Geffner & Satzman and Michael Posner for Plaintiff and Appellant.

George P. Kading, County Counsel, and Paula Kimbrell, Deputy County Counsel, for Defendants and Respondents.



This appeal from a judgment of dismissal after a demurrer was sustained without leave to amend tests the scope of the "meet and confer" obligation imposed upon public agencies by the Meyers-Milias-Brown Act. (Gov. Code, ? 3500 et seq.) Specifically, we are required to determine whether a charge for employee parking supplied by the agency is included within the definition of "wages, hours, and other terms and conditions of employment" so as to require the "meet and confer" process where: (1) agency-supplied parking is available only to "a minority" of employees; (2) employees are not required to utilize agency-supplied parking but may reasonably use methods other than automobile transportation or other available parking; [82 Cal.App.3d 501] and (3) the agency action involves raising the monthly parking fee from $2.50 to $4 in some cases, and from $3.50 to $4 in others.

Finding no California precedent in point, we turn to cases interpreting the National Labor Relations Act which the Meyers-Milias-Brown Act parallels. (Fire Fighters Union v. City of Vallejo (1974) 12 Cal.3d 608, 615-617 [116 Cal.Rptr. 507, 526 P.2d 971].) We note a disagreement between decisions of the National Labor Relations Board, which employs a broad definition of "wages, hours, and other terms and conditions of employment" so as to encompass within the phrase minor changes in benefits made available to a minority of employees at their option where other options exist, and decisions of the federal courts of appeals, which apply a narrower definition so as to exclude those changes from the bargaining requirements of the National Labor Relations Act. Because our analysis reveals that the reasoning of the federal judicial decisions is more persuasive than that of the federal administrative agency, we follow the judicial determinations. Accordingly, we affirm the judgment of the trial court.


The procedural posture of the case at bench dictates the facts to be considered on appeal. [1] The trial court offered appellant-plaintiff the opportunity to amend when the court indicated that it would sustain the demurrer of defendants. Plaintiff declined the offer and elected to stand on its complaint. Accordingly, we hold plaintiff to the allegations of its complaint without considering the manner in which the complaint might be amended to state a cause of action. (Archibald v. Cinerama Hawaiian Hotels, Inc. (1977) 73 Cal.App.3d 152, 155-156 [140 Cal.Rptr. 599].) We treat the allegations of fact in the complaint as true except where those allegations purport to characterize exhibits incorporated in the pleading. In the latter instance, we treat the exhibit as controlling. We ignore allegations of conclusions of law.

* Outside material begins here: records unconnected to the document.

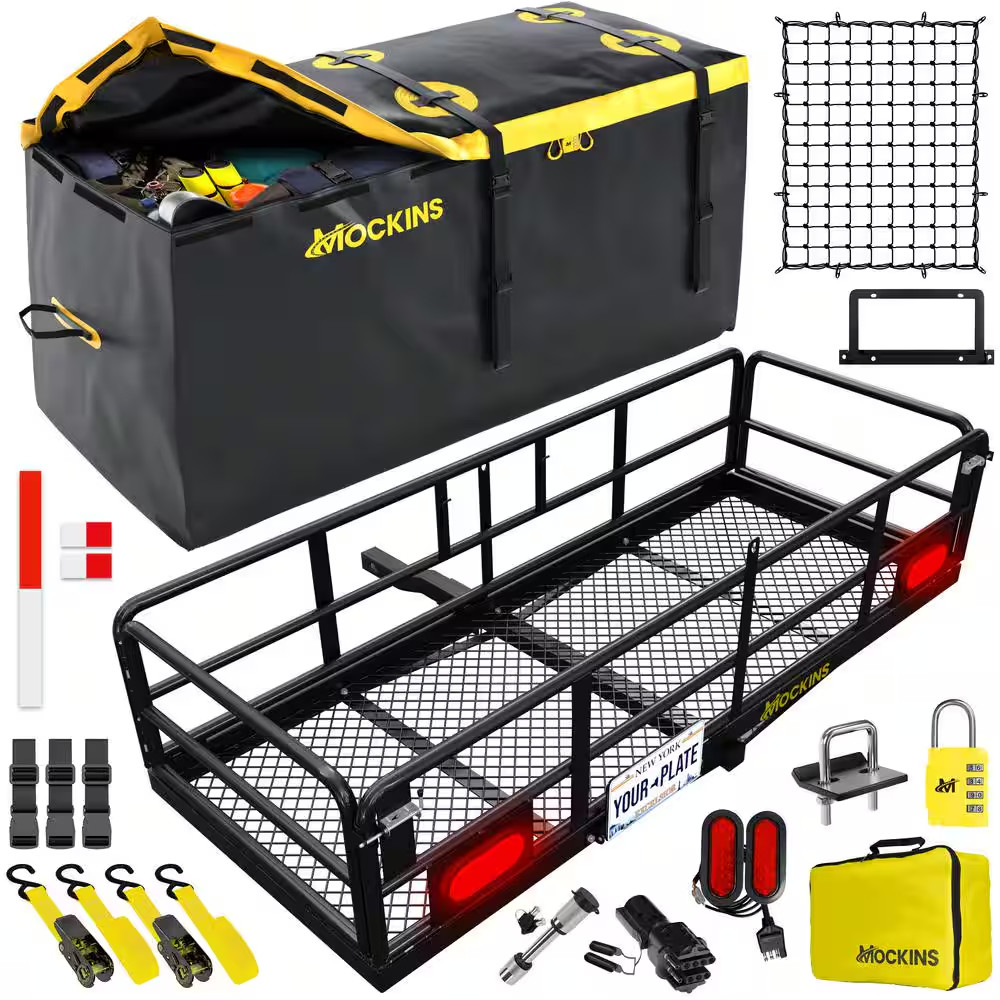 60 In. X 24 In. X 14 In. High Rail Hitch Cargo Carrier with Rear Lights, 30 Cu.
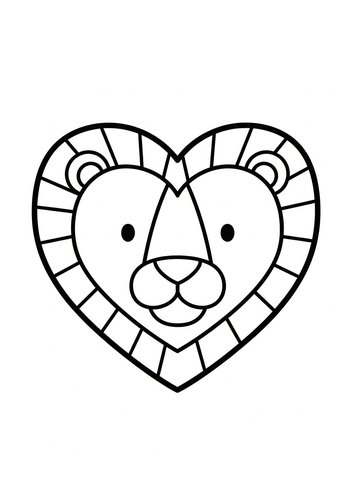 Heart Lion: A Coloring Page Of Affection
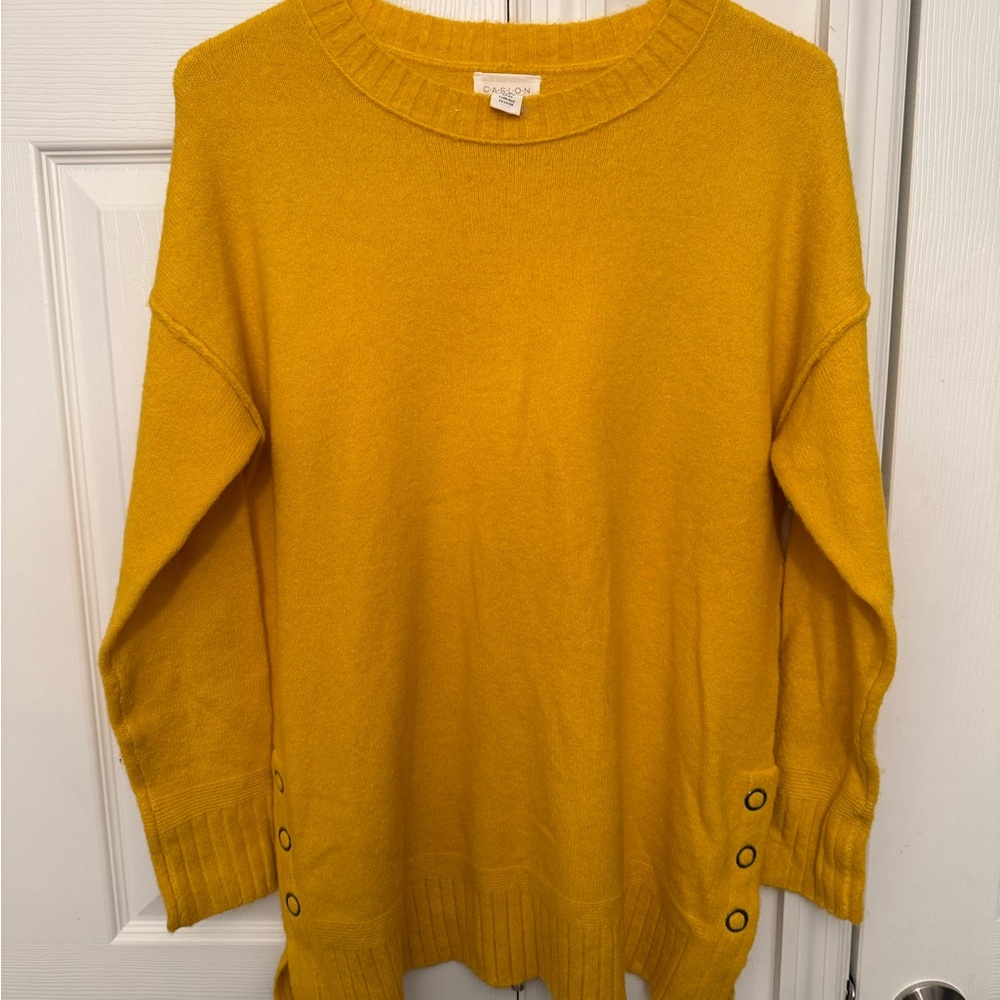 Caslon Mustard Yellow Crewneck Sweater with Hem Button Details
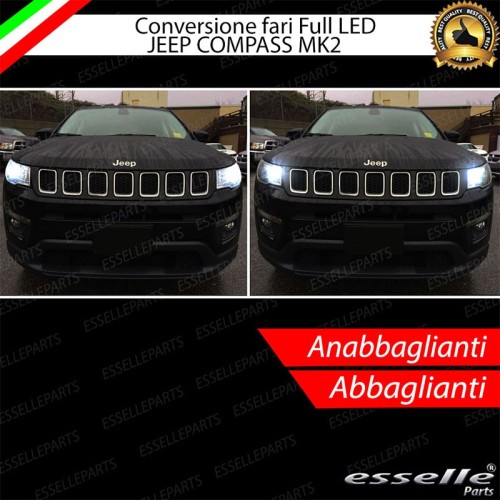 Conversione Fari Full LED 6000K bianco per Jeep Compass MK2 con fari a parabola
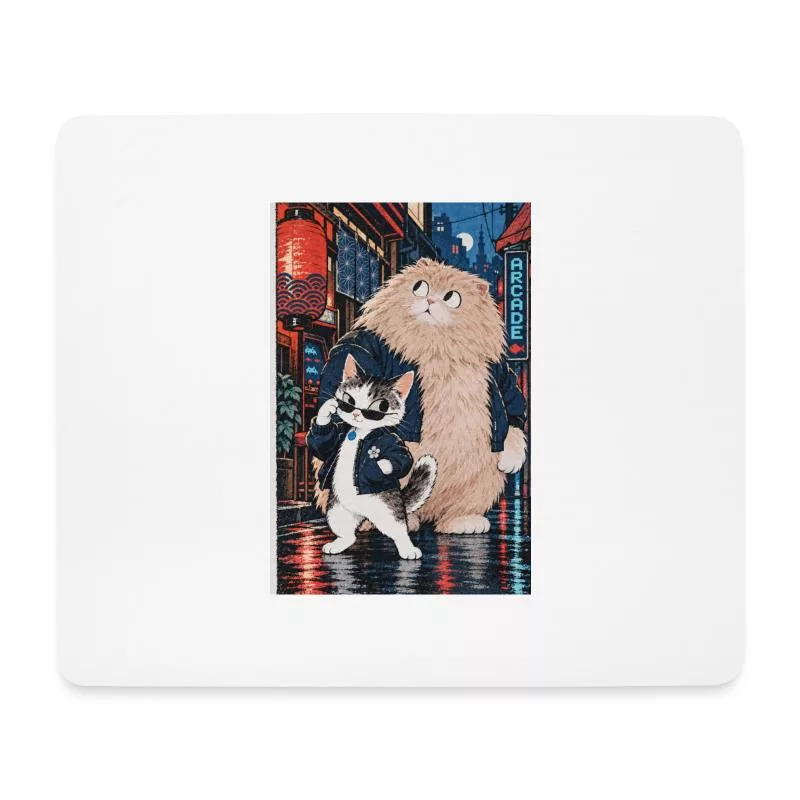 Deux chats à l’arcade — Les patrons du quartier sur Tapis de souris (format paysage)
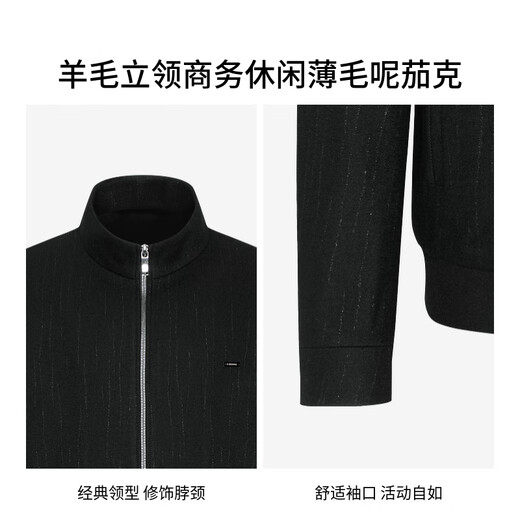 Rimula Men's Sheep Wool Jacket Men's Fashion Striped Stand Collar Autumn Thin Wool Jacket | BBWG3225 Black M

Plaintiff Social Services Union, Local 535 is the employee organization representing "human services" and "mental health" employees of the defendant County of Santa Barbara. From 1971 through 1975, "employee parking" for persons represented by Local 535 had been "an included subject in meet and confer sessions" of the local and the county. Effective July 1, 1976, the county and local entered into a memorandum of understanding (MOU). The 1976 MOU states that the county and local [82 Cal.App.3d 502] agree that there will be no changes in "wage rates, benefits and other terms and conditions of employment" except by mutual agreement of the parties. It states also that the county will notify the local of any proposed changes in rules, regulations, ordinances or resolutions "which are beyond the scope of the meet and confer process, but the practical application of which directly affects employees represented by the Union." As to matters of that sort, the county agreed to "meet and consult" with the local upon its request.

In the first part of 1976, the county's board of supervisors directed its administrative officer to study the subject of employee parking fees and to report on: (1) whether to charge employees parking in the county's Lompoc parking lot the same amount as those parking in its Santa Barbara lot; (2) an analysis of the current "rental rate" in Santa Barbara; and (3) whether the county should pay for employee parking. On August 19, 1976, the county administrative officer filed his report with the board. The report notes a shortage of 211 "reserved" parking spaces for employees and states that cost considerations render unfeasible the construction or acquisition of more spaces. It states that a guaranteed parking space is "enjoyed by a minority of employees" and that fees at some of the lots would cause them to "empty" because the employees would use on-street parking. The report recommends that the then existing fee of $3.50 per month at the "Administrative Building" and the $2.50 per month fee at the "Garden Street lot" be raised to a uniform $4 per month "to be adjusted annually to the overall salary increase."

The report schedules preliminary steps to its implementation, including a "meet and confer session."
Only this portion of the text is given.